His personal inquiry into the farce cum tragedy of rail privatisation is not, however, his best play or much of a play at all.
Hare planted his theatrical roots in agit-prop soil, blooming initially with director Max Stafford-Clark, with whom he now re-unites for the first time since their Fanshen collaboration in 1975.
Both these British theatre luminaries were in York last night for that rarity: a night when the Theatre Royal was the venue for the theatrical event of the week, a Hare premiere being launched in the railway city for three days en route to the National Theatre.
It was at the National that Hare presented his State of the Nation trilogy on the Church, the law and the Labour Party. Now, after a period of more introspective works, he is examining the body politic once more and partaking in that time-honoured British pastime: moaning about rail travel.
Hare had researched The Permanent Way in tandem with the Out Of Joint cast, and the ensemble nature of this documentary drama is established immediately in the play's most theatrical, choreographed sequence on designer William Dudley's set of station and track paraphernalia.

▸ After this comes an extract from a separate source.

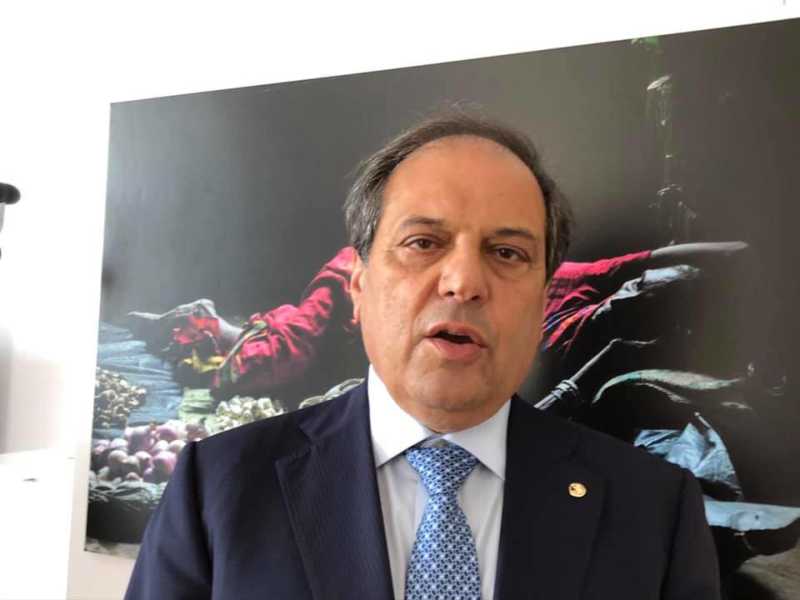 Filippo Anelli, il Maurizio Landini dell'Ordine dei Medici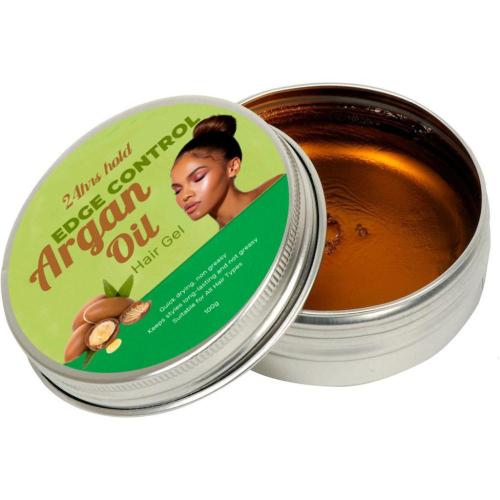 Curl Mousse For Frizz Control Super Holding Hair Wax Shine Anti-Frizzy Wax Factory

The scene involves already frazzled commuters, each with a newspaper, spouting irrational thoughts on a crammed Tube train, scrambling over each to make the same point: Britain should be great; it isn't, we know it isn't but nobody has the will to stop the decline. This was the satirical stuff of Bird and Fortune, or of one of those Radio 4 6.30pm shows, and each knockout blow received a burst of applause, much like the play's opening moment when a railway poster came to video life as a steam train suddenly starting moving up the line.
That screen scene was to be mirrored later by an altogether more horrifying image: the sight and sound of a graphic of the Hatfield crash: the third in the damning sequence of Southall, Ladbroke Grove, Hatfield and Potters Bar; each fatal route charted on a timetable board that left a fifth line blank for the next tragedy.
The Permanent Way shifts from amusing irrational ranting to documentary-rational dissection, the cast enacting the verbatim testimonies of crash survivors, the bereaved, Treasury mandarins and rail bosses, complemented by a running joke at the expense of an oafish, caricatured John Prescott.
However, just as rail privatisation fell down over divisions of safety and profit, wheel and rail, engineering and management, so The Permanent Way falls down over the division between drama and information overload. Where Richard Norton Taylor's play on the Stephen Lawrence inquiry had only one focus, here it is spread, and consequently rather than a play, we have a treatise in which Hare concludes that corruption rules; blame culture is rife, so no one admits responsibility; and the British lack a sense of commune.
Hare doesn't make drama out of the crisis, but as a middle-aged study of muddle-age Britain and the alarming divide between political force and the will of the people, his railway play is just the ticket.